I'm in almost the same situation. I've been dating a guy for a little over 2 months. He's wonderful. He's nice. He's good for me. We have fun together. We get along. Physically he's exactly what I like. However it's just not there. I'm trying so hard to want to care about him but...I kinda don't. I mean I care about him and his welfare but if he broke up with me tomorrow I'd think well...that sorta sucks. And I feel terrible for that because I think he's really starting to care for me. I don't want to break things off because they're going so well. But I kind of think I should because I'm not being honest with him. I mean I could tell him but...saying "well, I want to keep dating you but I really don't care much for you" just doesn't seem like it would go over all the well. I keep holding onto hope that something will spark but I don't know if I should. I like him as a friend but I'm just not attracted to him. Physically he's very attractive but his personality doesn't make me attracted to him. I'm not sure how to describe it. The above posts have been helpful and I'd love to hear any other opinions. I don't think this one has an answer but mulling it over with other people helps.


----------



## LillyBBBW (Nov 14, 2008)

My problem is I am a terrible person. I laugh at people with toilet paper stuck to the bottom of their shoe, I get stone cold high on Shaudenfreude, I will walk out of the store knowing full well the sales girl forgot to charge me for something in my bag and get giddy about it. If I mutter under my breath and call the lady who cut in line in front of us an old biddy and he is genuinely apalled, it won't work out. I do believe a guy can be too nice. It's not attractive to be treated like dirt so there's some level of nice guy that should be there but if he's too polished it removes any sense of character or interesting facets. I know that's true for me anyway. I may be able to appreciate him but that's as far as it will ever go I'm afraid.


----------



## GrowingBoy (Nov 15, 2008)

For me, a large part of attraction is about body scent. This won't make me fall head over heals for someone by itself.... but if other things work and the scent is right... I find that I'm willing to do whatever it takes to make things work.

When I first dated someone whose scent I was crazy about, I was amazed at how attracted I was. I couldn't get enough of her. We didn't get along at all well at first.... but we worked very hard and gradually, things went from rocky to good... to great. 
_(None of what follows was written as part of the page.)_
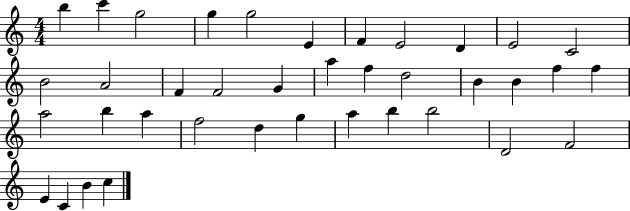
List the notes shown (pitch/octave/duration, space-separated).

B5/q C6/q G5/h G5/q G5/h E4/q F4/q E4/h D4/q E4/h C4/h B4/h A4/h F4/q F4/h G4/q A5/q F5/q D5/h B4/q B4/q F5/q F5/q A5/h B5/q A5/q F5/h D5/q G5/q A5/q B5/q B5/h D4/h F4/h E4/q C4/q B4/q C5/q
Let's face it, relationships are very hard work. Having that "glue" makes a huge difference over time. I used to think that feeling a "spark" was really important... or that having great "sexual chemistry" was the thing. But then... I found smell.


----------



## JohnWylde (Nov 15, 2008)

But Renee

Its me thats the lucky guy - not long now till we are together again mmmmm. 

lil john




chocolate desire said:


> I think the answer to your question is an individual thing. It really depends on the people involved. I myself has had sparks fly with a guy once that I truly did not see as "my type" sadly he passed away. On the other hand I have met a few guys that should have been the one I fell head over heels for and nothing happened.
> I know this does not really answer your question but as long as you are not hurting your guy friend by giving him false hopes I would wait it out and see what happens you might just wake up one day and feel like you are the luckiest girl in the world because you have him.Oh wait thats me and my guy lol ok second luckiest


----------



## AZ_Wolf (Nov 16, 2008)

No-No-Badkitty said:


> JM2cents...
> 
> Falling in love takes time. It doesn't happen over night. Chemistry is great but chemistry isn't what gets you through life. It can spark a relationship but it will not keep it going. Love, true love, the kind that makes you feel protected and warm is what foundations for togetherness are built on.
> I'm not saying chemistry doesn't have it's place because it does...it can launch a relationship into orbit right out of the gates. However, chemistry that builds because of love is far-far-far more rewarding and that kind of chemistry takes time.
> Good things come to those who wait.




I largely agree with this. Though it seems there are two camps of people -- those that can take a great friendship and let it develop into a great relationship, and those who require sparks and the grand finale of the 1812 Overture right away, or else they want no part of it. Neither is better than the other; people are just different. However in my own experience, any amazing "butterflies in the stomach" rush that might be present at the beginning simply won't last over time. From all the people I've known, it seems the folks who are of the former type tend to get involved in fewer relationships, but those they do get into tend to be more stable and longer-lasting, whereas the latter type of folks get involved a lot more often, but also have spectacular flameouts.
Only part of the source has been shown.